The two most important types of taxation used by U.S. states are taxes on consumption and personal income. In 2007, 49 percent of state tax revenues came from consumption taxes, and 32 percent from income taxes. The conventional wisdom is that consumption is more stable than income through the business cycle, implying that taxes on consumption are likely to be less volatile than taxes on income. However, consumption taxes are also widely assumed to be more regressive than income taxes, though incidence varies depending on the specific bases and rate structures and the time period of analysis (Institute for Taxation and Economic Policy 2009; Chernick and Reschovsky 1997). If these assumptions are correct, states face a potential tradeoff between vertical equity and revenue stability.

The Great Recession of 2007–2009 provides an important test case to examine the equity-stability tradeoff. This recession precipitated the sharpest decline in state tax revenues in the post-war period. Between fiscal years 2007 and 2010 nominal tax revenues declined by 7.6 percent. It was only in 2011, four years after the onset of the recession, that state taxes regained their prior nominal peak1. Though partially offset by increased federal aid, revenue reductions led to sharp decreases in state employment and state aid to local governments2. However, despite the depth of the aggregate decline, variation across states was considerable. Of the 48 contiguous states, 36 experienced nominal declines in state tax revenue, while 12 had increases3.

While the business cycle would be expected to exert an important influence on state tax revenues, the exceptionally large decline in revenues in the Great Recession, as well as in the 2001 recession, suggests that recession-related volatility may have increased over time. A potential source of increased volatility, both for federal and state tax revenues, is the secular increase in income concentration and capital gains receipt in the United States4. Because the share of income from capital gains rises with the level of income, increased income concentration has been accompanied by increased concentration of income from capital gains5. Given that capital gains are closely tied to the value of stock shares, and stock prices are more volatile than ordinary income, income from capital gains tends to be more cyclically volatile than ordinary income. This implies that incomes at the top of the distribution will be more cyclically sensitive than average income6. Increasing volatility of the tax base may in turn increase the sensitivity of state tax revenues to the business cycle. Moreover, volatility may be magnified in states with more progressive tax structures, as bigger changes in the tax base at the top end are amplified by higher tax rates applied to that income.
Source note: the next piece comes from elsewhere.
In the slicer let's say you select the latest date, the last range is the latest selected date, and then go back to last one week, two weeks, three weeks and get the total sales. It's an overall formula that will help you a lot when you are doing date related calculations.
In this paper, we use the Great Recession as a test case to address the effect on state tax revenues of income concentration, capital gains receipt, and tax progressivity. Were the sharper drops in state tax revenues experienced in a number of states due mainly to greater income inequality, more capital gains receipt, and differences in state tax structure, or was the overall severity of the Great Recession the dominant force?
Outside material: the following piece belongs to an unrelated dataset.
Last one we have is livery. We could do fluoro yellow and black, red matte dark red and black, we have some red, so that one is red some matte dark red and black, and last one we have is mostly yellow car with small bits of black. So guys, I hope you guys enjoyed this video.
We first sort out the impacts on state tax revenue of shocks to income in different parts of the income distribution, tax burdens at those income levels, and the overall tax burden. We develop and implement the concept of "potential revenue exposure"; that is, the predicted change in revenue due to an income shock, given the state's tax structure, in the absence of policy offsets such as changes in tax rates. We use this concept to simulate the effect on revenue exposure of alternative counterfactual assumptions about income shocks, tax progressivity, and average tax rates. We then estimate regression models to investigate how the concentration of income and capital gains contributed to the shocks to income in the upper part of the income distribution, and to analyze the effects of tax progressivity versus income shocks on state tax revenues. While other papers have examined the role of base volatility and tax structure, our paper is the first to take systematic account of interstate differences in base volatility by income concentration and capital gains receipt, and the interaction between differential volatility and the distribution of state tax burdens by income level.
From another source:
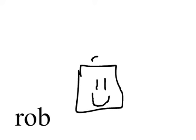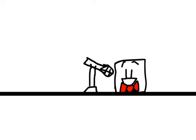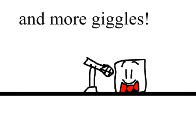Hi, I'm Rob. Welcome to my Netflix show. The... and more giggles.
Our principal finding is that, while potential revenue exposure is greater in more progressive states, the most important source of interstate variation in revenue exposure in the Great Recession was not state tax structure, but differences in the importance of income concentration and capital gains income, as well as the state-specific severity of the recession. At the top end of the income distribution the interaction between sharp drops in income and high tax burdens can produce large decreases in tax revenue. However, tax progressivity accounts for very little of the overall interstate variation in revenue volatility during the 2007–2009 recession. At present these conclusions apply only to the most recent recession. However, our methodology could be readily applied to previous recessions, to determine whether the results generalize to other business-cycle induced fluctuations in state tax revenues.

The plan of the paper is as follows. Section 1 contains a brief literature review. Section 2 discusses the roles of income concentration, capital gains, and tax progressivity in revenue volatility. Section 3 presents the conceptual basis for calculating revenue exposure, the implementation of this concept for state taxes, and the comparison of revenue exposure to both the actual change in taxes and to counterfactual measures that remove the interstate variation in one factor at a time. Section 4 analyzes the change in the tax base, with a focus on changes in top-quintile AGI, while Section 5 analyzes actual revenue changes as a function of tax structure and changes in the tax base. Section 6 concludes.

1. Literature review

Prior research on state tax volatility has used panel data to estimate separate revenue elasticities for the major state taxes, attempting to distinguish between short- and long-run elasticities. Holcombe and Sobel (1996), using the period 1972–1993, find similar short-run elasticities with respect to personal income for the sales tax (1.3) and the income tax (1.4). In a recent summary of the literature, Dye (2004) emphasizes that both base and revenue elasticities with respect to changes in income differ across states.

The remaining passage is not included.